La Belle Époque a la cote : grâce à la série Netflix Lupin, les romans de Maurice Leblanc s’arrachent en librairie et le biopic sur Gustave Eiffel avec Romain Duris sera un des événements cinématographiques en 2021.
Paris Police 1900, la nouvelle et ambitieuse série estampillée Canal+, restitue elle aussi cette période clé de notre Histoire par le truchement d’une plongée vertigineuse chez les condés de la IIIe République. Comme dans J’accuse de Polanski, ce n’est pas l’aspect le plus reluisant de ces temps retrouvés qui est ici mis en avant : corruption, violence, antisémitisme, misogynie… Si l’historien israélien Zeev Sternhell était encore de ce monde, il aurait jubilé en retrouvant au fil des huit épisodes des images spectaculaires d’un « protofascisme » français : meetings de Drumont et des frères Guérin appelant à égorger les Juifs, presse populaire dénonçant le complot judéo-maçonnique et le gouvernement dreyfusard, violences de rue, actes de sédition, etc. Mais une fiction (qui a droit aux anachronismes) ne fait pas l’Histoire ; or, tout cela, très appuyé, prend parfois le dessus sur le reste. C’est dommage pour mille raisons. L’intrigue policière est palpitante : des corps de femmes retrouvés découpés dans des valises qui conduisent la police à enquêter chez les bouchers de la Villette, (gros) bras armés des ligues nationalistes. La mise en scène est très soignée, avec des clins d’oeil à Visconti pour les salons de courtisanes, à l’expressionnisme allemand pour les ambiances nocturnes brumeuses, et même à…

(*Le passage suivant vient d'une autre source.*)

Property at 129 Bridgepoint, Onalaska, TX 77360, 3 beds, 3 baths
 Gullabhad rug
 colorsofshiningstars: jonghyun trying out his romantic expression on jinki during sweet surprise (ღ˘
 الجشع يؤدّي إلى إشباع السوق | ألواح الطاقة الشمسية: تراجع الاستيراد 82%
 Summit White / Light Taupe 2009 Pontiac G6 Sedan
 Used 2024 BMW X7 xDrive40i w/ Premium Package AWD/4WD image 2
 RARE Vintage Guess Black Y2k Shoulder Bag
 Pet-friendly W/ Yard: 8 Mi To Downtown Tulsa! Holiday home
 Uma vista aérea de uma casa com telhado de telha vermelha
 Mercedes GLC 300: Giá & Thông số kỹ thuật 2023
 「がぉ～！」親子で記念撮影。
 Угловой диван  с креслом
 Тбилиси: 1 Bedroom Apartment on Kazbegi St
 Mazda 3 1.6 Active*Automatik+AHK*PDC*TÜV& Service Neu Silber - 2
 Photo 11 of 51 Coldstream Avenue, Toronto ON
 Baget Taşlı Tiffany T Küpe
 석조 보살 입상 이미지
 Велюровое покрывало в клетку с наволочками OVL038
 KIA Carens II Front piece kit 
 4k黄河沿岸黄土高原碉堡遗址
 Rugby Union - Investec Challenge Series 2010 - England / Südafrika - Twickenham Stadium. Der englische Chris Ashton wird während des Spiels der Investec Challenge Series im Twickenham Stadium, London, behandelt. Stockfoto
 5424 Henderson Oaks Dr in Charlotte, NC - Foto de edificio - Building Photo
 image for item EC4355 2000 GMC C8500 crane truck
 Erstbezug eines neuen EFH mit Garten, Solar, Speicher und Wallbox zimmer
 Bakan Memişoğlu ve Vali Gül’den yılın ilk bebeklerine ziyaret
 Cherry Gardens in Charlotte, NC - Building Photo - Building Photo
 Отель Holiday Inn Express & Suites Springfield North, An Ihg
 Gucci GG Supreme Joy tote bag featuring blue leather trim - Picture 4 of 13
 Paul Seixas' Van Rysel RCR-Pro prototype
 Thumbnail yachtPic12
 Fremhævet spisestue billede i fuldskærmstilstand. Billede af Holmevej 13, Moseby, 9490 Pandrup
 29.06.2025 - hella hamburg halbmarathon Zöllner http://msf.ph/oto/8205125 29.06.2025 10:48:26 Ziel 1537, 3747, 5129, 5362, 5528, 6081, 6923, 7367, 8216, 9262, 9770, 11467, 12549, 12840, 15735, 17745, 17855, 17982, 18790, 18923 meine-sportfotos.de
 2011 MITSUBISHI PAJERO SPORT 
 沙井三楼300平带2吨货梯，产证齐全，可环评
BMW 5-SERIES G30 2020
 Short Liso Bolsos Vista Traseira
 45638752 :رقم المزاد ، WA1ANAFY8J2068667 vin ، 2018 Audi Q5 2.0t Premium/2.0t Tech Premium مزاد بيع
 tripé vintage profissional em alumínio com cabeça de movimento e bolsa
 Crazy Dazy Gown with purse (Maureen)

Gangs of New York. Le décor est réaliste à souhait : pavés, réverbères et calèches en veux-tu en voilà. Les personnages (flics ou voyous, « réels » comme Bertillon ou imaginaires) sont, à quelques exceptions caricaturales près, remarquablement écrits (bravo Fabien Nury). Quant aux comédiens, ils sont la clé de la réussite visuelle et scénaristique de la série. Canal+ a eu la bonne idée de choisir des acteurs peu connus : on ne cherche donc pas la star derrière le rôle. Pas d’Omar Sy ici… * À partir du 8 février, 21 h.